But Hill loved being in the water. Even after he left the swim team, he wanted to get to a pool as much as possible. After a six-year hiatus, he couldn’t take it anymore. Hill resumed swimming competitively as a sophomore in high school. By his junior year in college, he realized he wanted to pursue it at the top level. He moved to California to train with the post-grad elite team based out of the University of Southern California, and then found even more success with his own coach, Wilma Wong, who helped navigate him to a bronze medal in the 50-meter freestyle at the 2020 Paralympic Games. Swimming changed his life. He wanted to share that with others—many others. After learning that a quarter of a million people globally drown each year, he knew what he wanted to do:

“I set the goal of teaching 1 million people how to swim,” Hill said. By partnering with organizations like the Boys and Girls Club of America and sponsors like Decathlon Sports, the Swim Up Hill Foundation has set out to provide free swim lessons around the globe and address the most common barriers to swimming.

“The number one thing keeping people from learning how to swim is generational trauma, whether that person had a near drowning experience himself or knows of someone who either had a near-drowning or actually did drown,” Hill said. “That’s an extremely traumatic experience and hard to overcome.”

Overcoming this barrier is often compounded by a lack of resources. “Here in the United States, black kids are the most susceptible to drowning than any other demographic. Around the world it’s low-income communities and families that are suffering the most,” Hill said. “When a parent is struggling to meet basic needs, they don’t have the time to send their kids to swim lessons for three months or chauffeur their kids all over town.” This is particularly true in areas where swimming pools are not in abundance, which is true for many low-income areas.

Finances, too, come into play. The average swim lesson costs between $20 and $100 per hour—an expense that many families can’t afford. “It then becomes easier just to say ‘stay away from the water’ than to literally go financially underwater trying to teach that kid to learn how to swim,” Hill said.

“There isn’t a good enough system,” he said. His organization was designed to address and remove those barriers to let people access free, developmentally-appropriate swim lessons that can be implemented in areas where three months of swimming lessons aren’t an option.

(Photo: Swim Up Hill)

“There’s this urban legend that learning to swim is time-consuming, scary, and hard,” Hill said. “What we’ve done at the Swim Up Hill Foundation illuminates the reality: that learning to swim is not only fun, it’s easy.”

Currently, Swim Up Hill has taught thousands of children and adults to swim using lessons that address what Hill calls “aqua-phobia” by using trauma healing techniques adapted from techniques used for individuals suffering from post-traumatic stress disorder. The program also includes a home-based learn-to-swim curriculum that does not require a pool in order to build basic swimming skills.
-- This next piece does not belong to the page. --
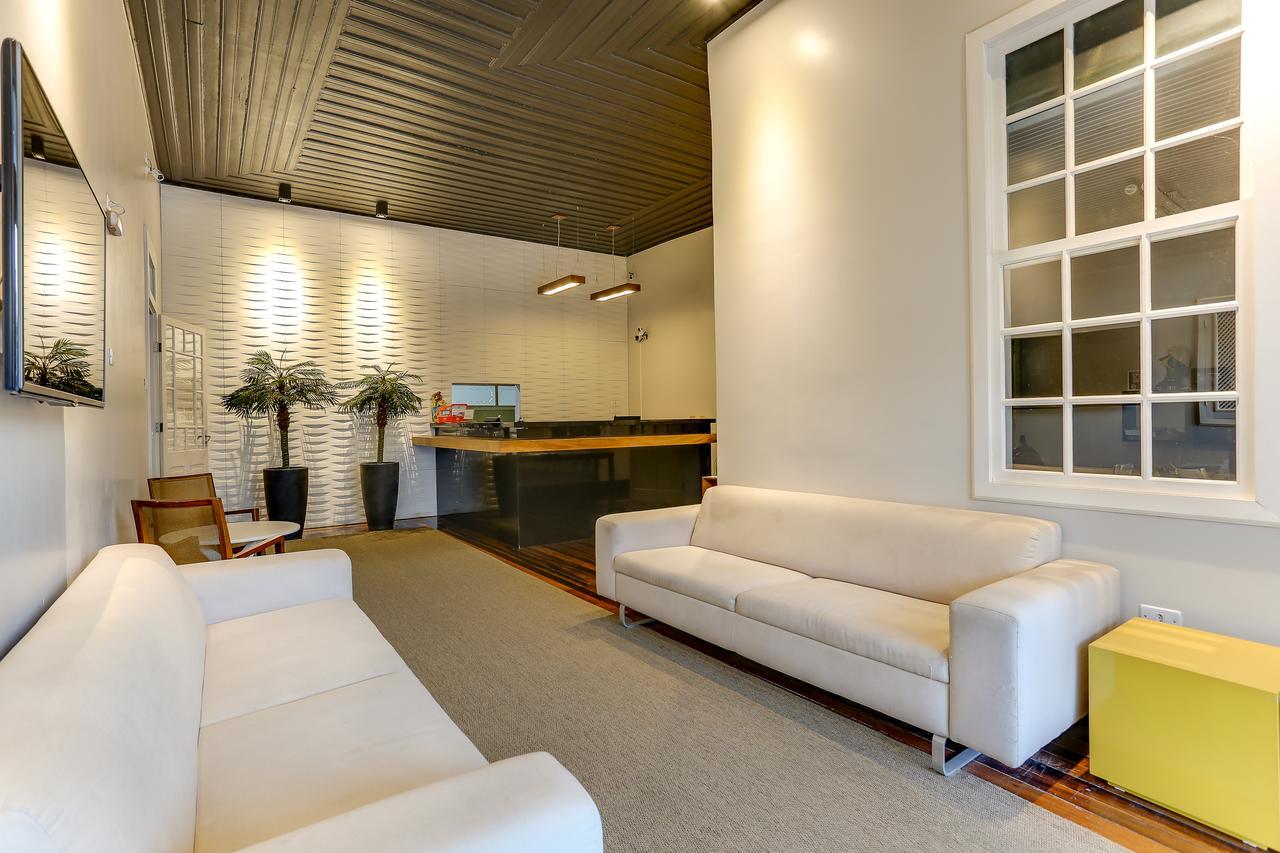 Canasvieiras Hotel Florianópolis Zewnętrze zdjęcie
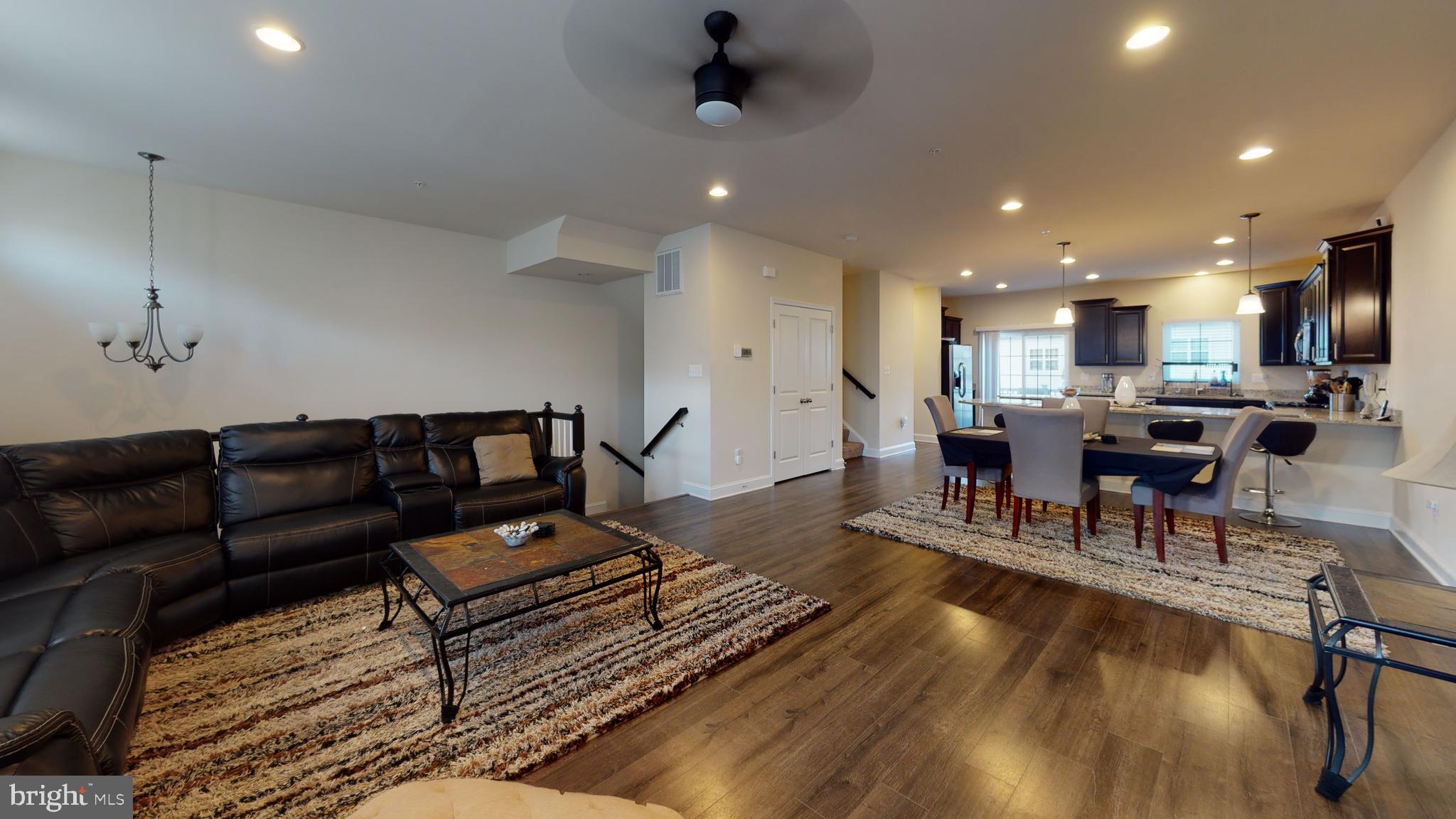 BEECHTREE ESTATES - Residential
The program’s unique “Bowl Bench Bucket” approach uses common household items to teach basic swim skills such as proper breathing techniques and swim strokes. The organization also offers in-person and virtual events for instruction, where students can put these skills to practice.

Since its inception in 2018, the program has grown exponentially. In 2021, the Swim Up Hill curriculum was delivered to more than 120,000 students in grades 5-12 at schools in low- and middle-income communities in the Los Angeles area. Hill is driven to hit his expanded goal of creating one million new swimmers per year by the year 2028. In addition to his own training, he often spends his free time in the water, working with new swimmers of all ages—a pursuit he finds immensely rewarding.

“Even though it would be understandable to just focus on my own swimming pursuits, swimming was really only ever a means to an end,” Hill said. “I wanted more than to change records in history books. I wanted to create something that might rewrite history.”